Libby the Airedale's Portrait & Delaware Pets


I don't normally show the source images that I use for my portraits. I thought that I'd include this photo (below) of Libby the Airedale (RB) that I recently used for her memorial portrait because it shows how a painting can not only enhance a memory but actually improve upon the original image.


Libby was a rescue dale from Airedale Rescue and Adoption of the Delaware Valley. I didn't have many good photos to work from and I settled on this one because it showed expression plus it showed her head to advantage. The image is blurry but I knew that I could sharpen the focus in my painting. As you can see, I edited the out the extraneous background and used much more saturated color. I cropped it a wee bit closer to the nose than the photo since I like it to look as if the dog is about to emerge for the confines of the border! The nose touching the border creates a visual tension that draws your eye to that spot and you then follow the image across the canvas. Libby was a sweet Aire girl that I had the pleasure to know. Mako was especially fond of her. I think that she liked him, too!

I am fortunate to be featured in an article -"With lens, brush, artists capture love" - in the Spring edition of Delaware Pets! I'd like to thank Ken Mammerella of the News Journal for the interview for and including me in the story. The print version of Delaware Pets was included in 3/25 edition of the News Journal.
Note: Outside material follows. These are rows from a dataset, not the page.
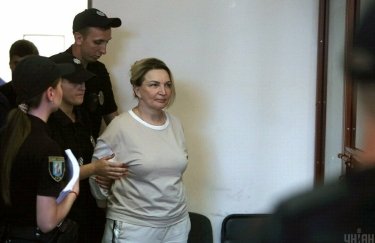 Новинский внес залог за арестованную Богатыреву
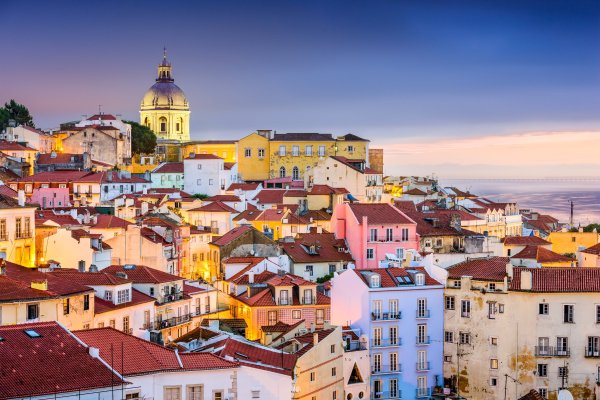 Lissabon Wochenende: Kurzurlaub mit den besten Tipps – Eindruck 1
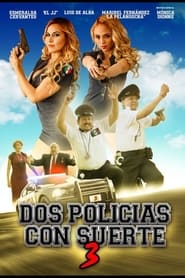 Dos Policas con suerte 3' Poster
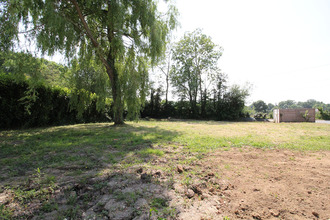 achat terrain trouville-sur-mer 14360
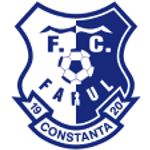 Escudo do FC Farul Constanța U19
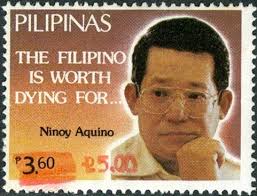Ninoy aquino is the city's sole international airport. Foreign Correspondent The Legacy Of Philippine Opposition Leader Ninoy Aquino Progressive Org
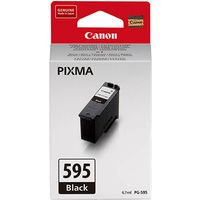 Canon PG-595 Inktcartridge Zwart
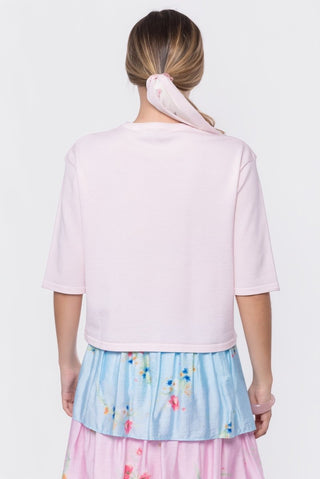 Jude Top (Light Pink)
There is a quote in the article from me about grief counseling. Many of my clients have recently lost a pet and the pet's passing is the reason that they want to commission a portrait. Often, they have waited for a year or more to commission a portrait from me and the death of their pet has triggered the desire to have a portrait done now. A painted portrait is a way to still have a special connection to that pet. It is how I got started in the profession. I painted my Monty's portrait just before he died of CRF. Monty still guards the house and that portrait is my official image of him. Our society still doesn't fully recognize the validity of grieving over the loss of a pet. Sometimes, people feel guilty or that something is wrong about the intensity of their feelings. I'm here to say that it is normal. When you've shared your life and your emotions with your pet, they are part of the fabric of your life. Of course it hurts us when they die! Especially if you nursed them through that final illness. Anyone who puts you down for grieving for them is insensitive and cruel. I'm lucky to have a life and career where I am surrounded by animal lovers. We all understand the meaning of the human - animal relationship. It doesn't mean that you love the people in your life any less. In fact, it may mean that you love them even more.   

And to paraphrase the title of Temple Grandin's recent book - Animals Make Us Human!